I have been reading Sun Tzu over the holiday weekend. Very interesting reading. It’s the type of reading where you cover a few lines and then take an hour to reflect on what it means to your business.
One passage stuck me:
“Therefore, determine the enemy’s plans and you will know which strategy will be successful and which will not.”
I often find myself in conversations with senior executives debating the merits of expanding their vendor collaboration program. Typically they already have a program in place, but I am advocating an expansion of that program and the application of new technology. In these conversations, there is tremendous inertia to maintain the status quo. After all, why fix a program that’s not broken. At their level in the organization they don’t hear the day to day challenges of the EDI manager who is fielding vendor support calls. In fact, most of the time they hear just the opposite from the middle level manager, “Oh, everything is fine Mr. Executive, no need to come and visit me, just keep on moving.”

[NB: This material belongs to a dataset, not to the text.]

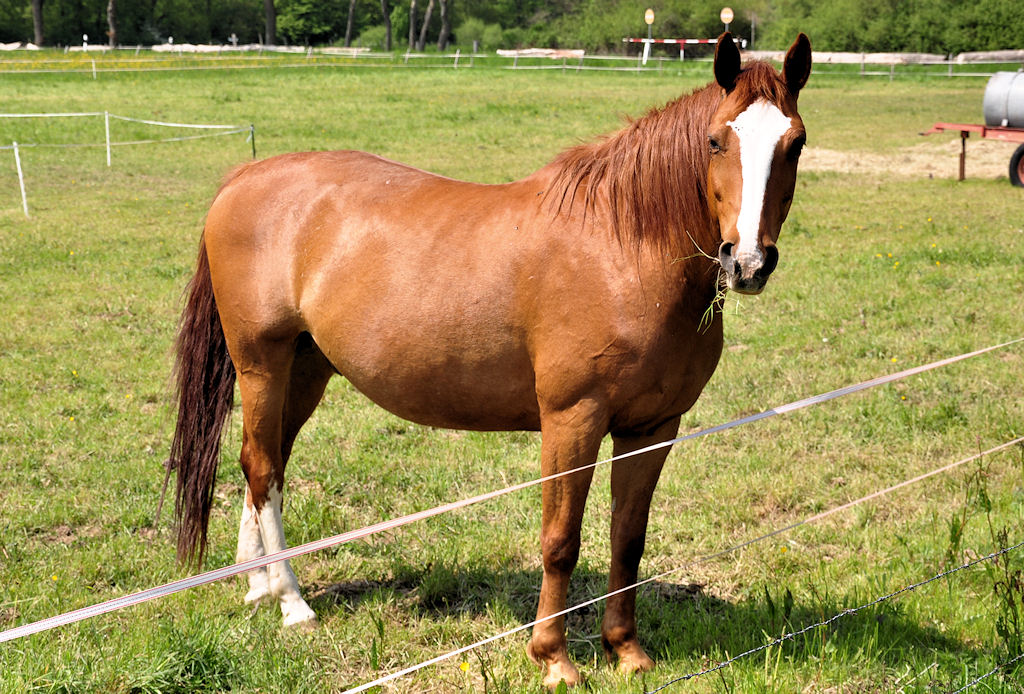 Pferd auf einer Weide an der Steinbachtalsperre bei Euskirchen - 20.05.2010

But, if one critically evaluates where the most successful retailers (e.g. enemies) are making investments, one cannot espace the conclusion they are moving to more and more sophisticated vendor collaboration programs. They are making investments before a problem occurs because they want to enjoy the corresponding lift of competitive advantage.

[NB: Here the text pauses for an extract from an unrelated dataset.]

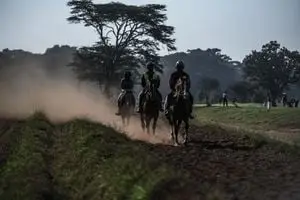 Fake horse passports used in Europe-wide trafficking ring, two arrested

So, here is what I encourage all executives to do: create two columns on a piece of paper and write your top five competitors down the left column. Then on the other side for each competitor write down everything you know about their supply chain initiatives at this moment. If you are coming up blank, that is your first clue there is a problem. Now consider what your organization is doing. What threats or opportunities are evident? Every time I have gone through this exercise with an executive, we have both been surprised at the results.